On March 15, U.S. President Joe Biden signed a $1.5 trillion omnibus spending bill into law, which included innovative provisions that introduce new cyber incident reporting obligations for critical infrastructure owners and operators, such as those in the communications, information technology, energy, and financial services sectors. At a moment when other countries are also pondering if and how to enhance cybersecurity via the implementation of similar incident reporting obligations, the U.S. provides an exemplary approach. The new U.S. requirements integrate many of the recommendations ITI included in our Principles for Cyber Incident Reporting in the U.S. and our Global Cyber Incident Reporting Policy Principles.

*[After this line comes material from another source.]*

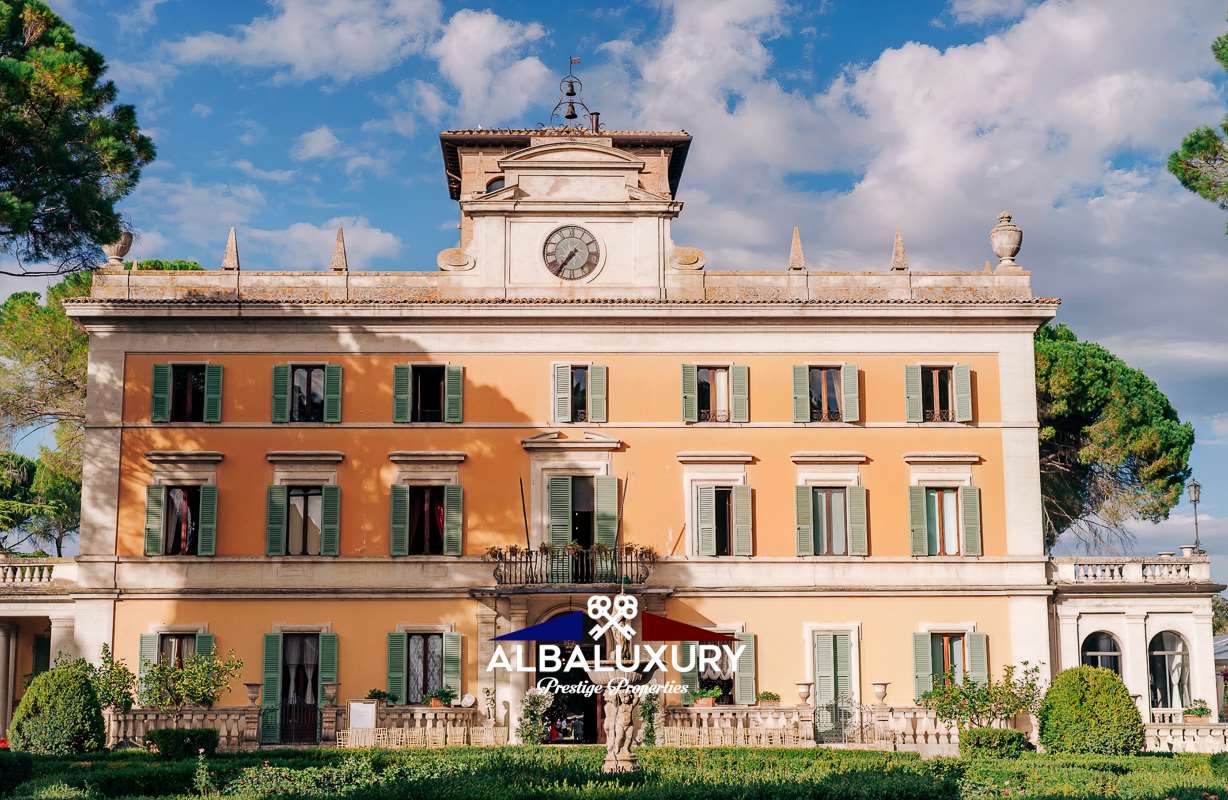 Villa in Perugia, Italien, 3 000 m² - Foto 13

Central to the success of these incident reporting regimes is a harmonized approach to ensure efficiency and consistency during these crisis moments for incident responders. The U.S. legislation establishes a new council to coordinate and deconflict federal incident reporting requirements. So as the U.S. government works to streamline incident reporting requirements domestically, it is critically important those obligations are consistent across borders to the extent possible. This will help to improve cybersecurity globally by ensuring that approaches are interoperable, improving efficiencies for incident responders, both in the private sector and in government, who have limited time and resources to combat oftentimes sophisticated threat actors. With that in mind, we encourage global policymakers to consider similar approaches to those taken by the United States, particularly with regard to:
- Enacting an appropriate incident reporting timeframe. The new U.S. cyber incident reporting requirements provide for a 72-hour reporting window “after the covered entity reasonably believes that a covered cybersecurity incident has occurred.” A reasonable timeline that balances government equities and the realities of incident response activities is essential for a number of reasons. First, it allows the impacted entity to determine what has occurred. Oftentimes, companies are not able to immediately ascertain the cause and/or nature of a significant compromise – is it a cyberattack or a network outage or is there some other issue at hand? A 72-hour reporting timeline allows impacted entities to investigate the issue and begin devising an appropriate response. Second, it allows the impacted entity to uphold cybersecurity best practices while investigating the incident, which may take many months. The impacted entity is more likely to be well informed after 72-hours, minimizing the potential for reporting an incident that leaves its customers in a more vulnerable position by exposing information about an incident before a patch is applied or operations are restored. Third, it ensures that resources are allocated appropriately and that the incident is properly contextualized. A shorter reporting timeframe makes it more difficult for the impacted entity to place the technical details and potential impacts of the incident into context, thus potentially resulting in overreporting and inundating competent authorities with reports that do not provide meaningful information. Finally, it aligns with global best practices. Interoperable approaches are key, and this timeframe aligns with the EU’s General Data Protection Regulation (GDPR), the German IT Security Law, as well as approaches taken at the U.S. state level.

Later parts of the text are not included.